■ **What to produce**
In the listing below, the lines starting at the line with "Pokemon Eli's Squirtle" and ending at the line with "DOLINA NOTECI PREMIUM" are to be output verbatim. Images stay out of the copy.

*** Data shown ***

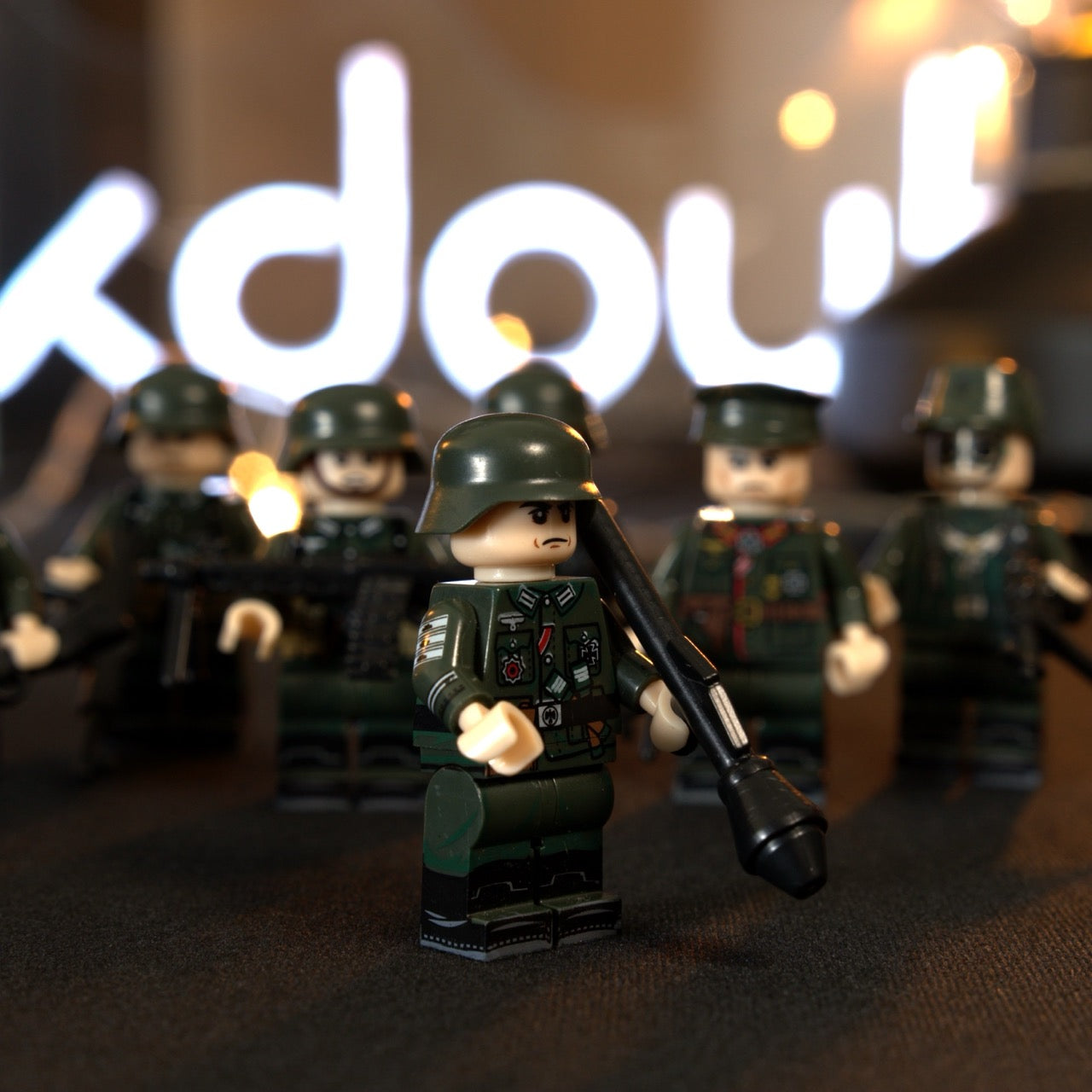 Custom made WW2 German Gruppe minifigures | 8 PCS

*** End of Data shown ***
*** Data shown ***

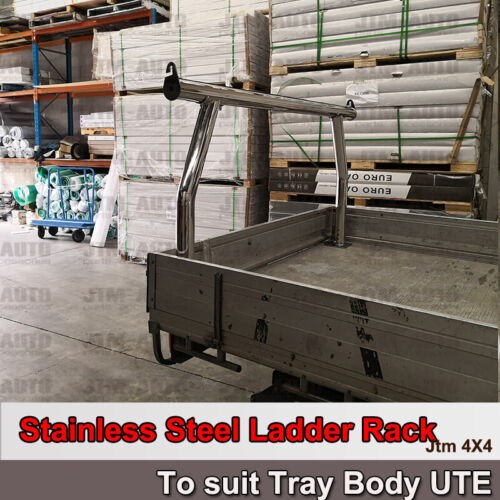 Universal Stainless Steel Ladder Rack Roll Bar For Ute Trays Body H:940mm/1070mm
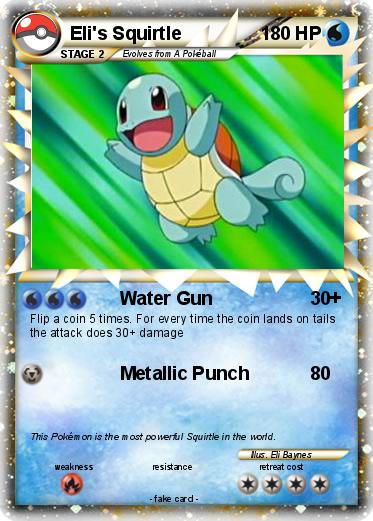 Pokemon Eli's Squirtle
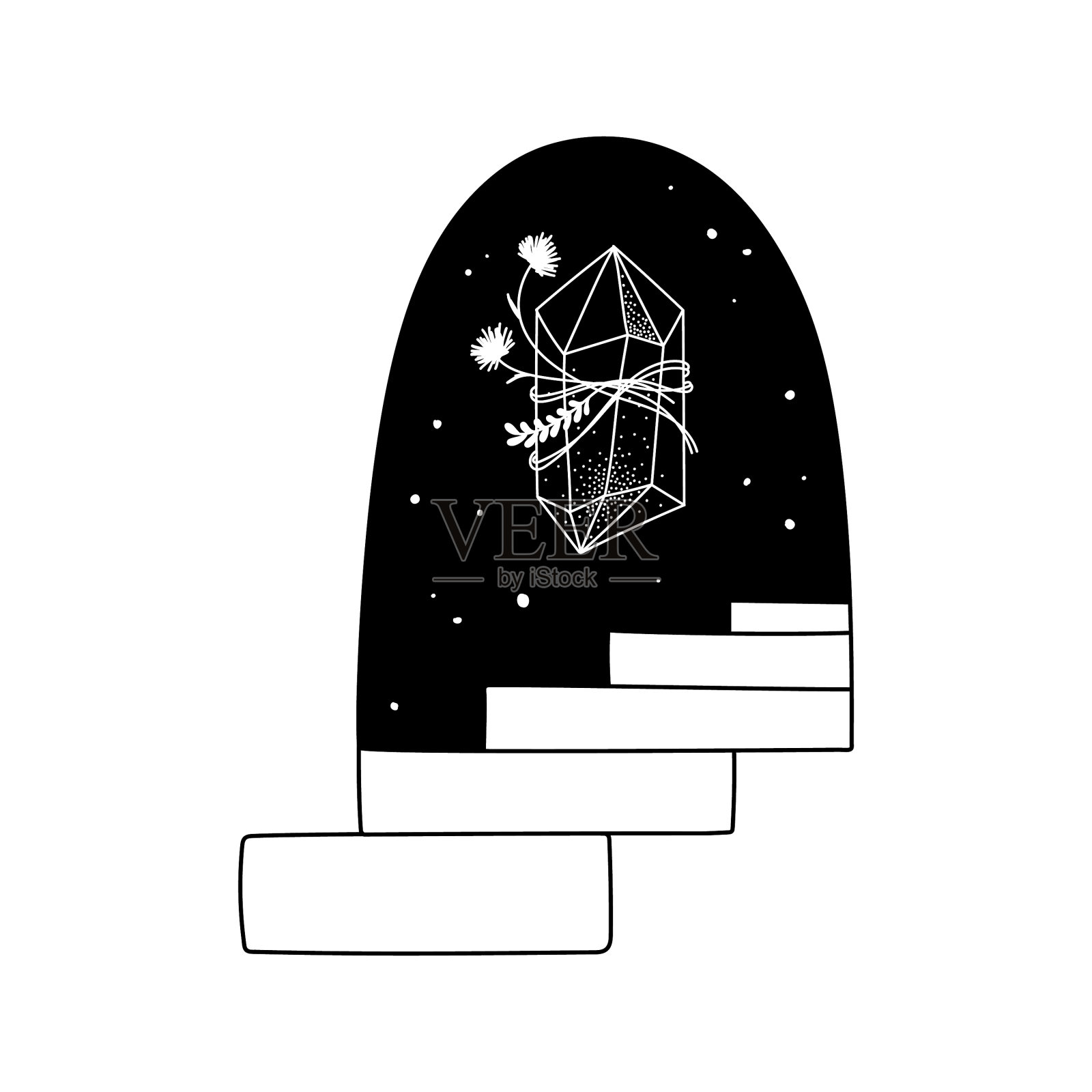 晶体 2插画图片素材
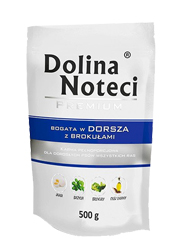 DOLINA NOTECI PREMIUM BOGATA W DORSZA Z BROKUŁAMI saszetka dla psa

*** End of Data shown ***
*** Data shown ***

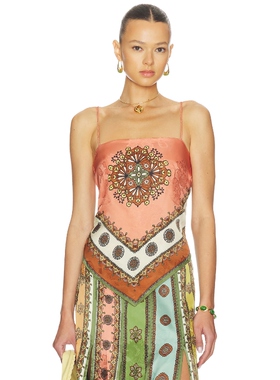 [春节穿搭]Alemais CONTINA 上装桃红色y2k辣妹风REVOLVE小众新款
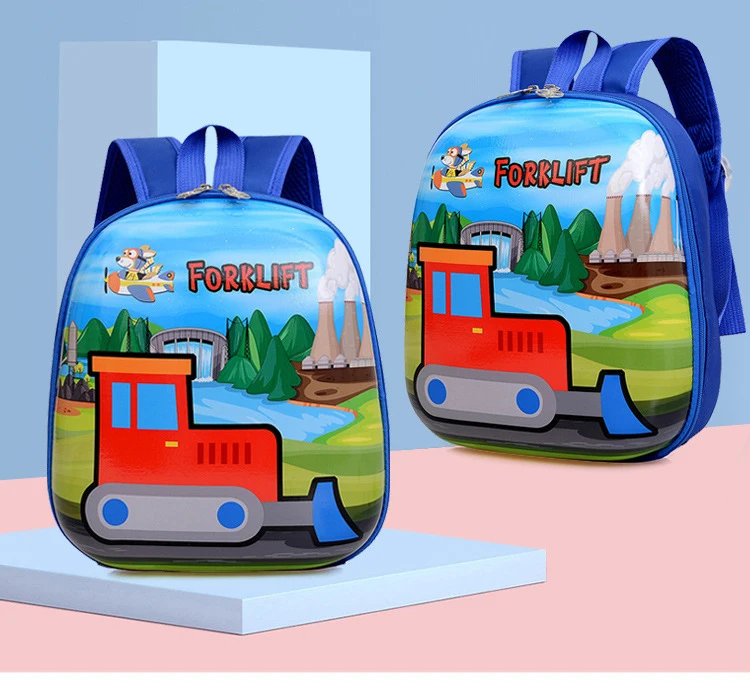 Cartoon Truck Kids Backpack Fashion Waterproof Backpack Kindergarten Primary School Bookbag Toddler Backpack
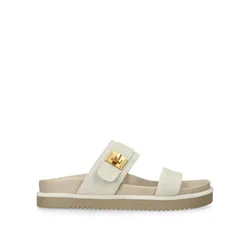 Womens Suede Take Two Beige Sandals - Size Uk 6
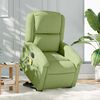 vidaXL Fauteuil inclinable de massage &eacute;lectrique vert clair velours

*** End of Data shown ***

■ **Answer space**
 Pokemon Eli's Squirtle
 晶体 2插画图片素材
 DOLINA NOTECI PREMIUM BOGATA W DORSZA Z BROKUŁAMI saszetka dla psa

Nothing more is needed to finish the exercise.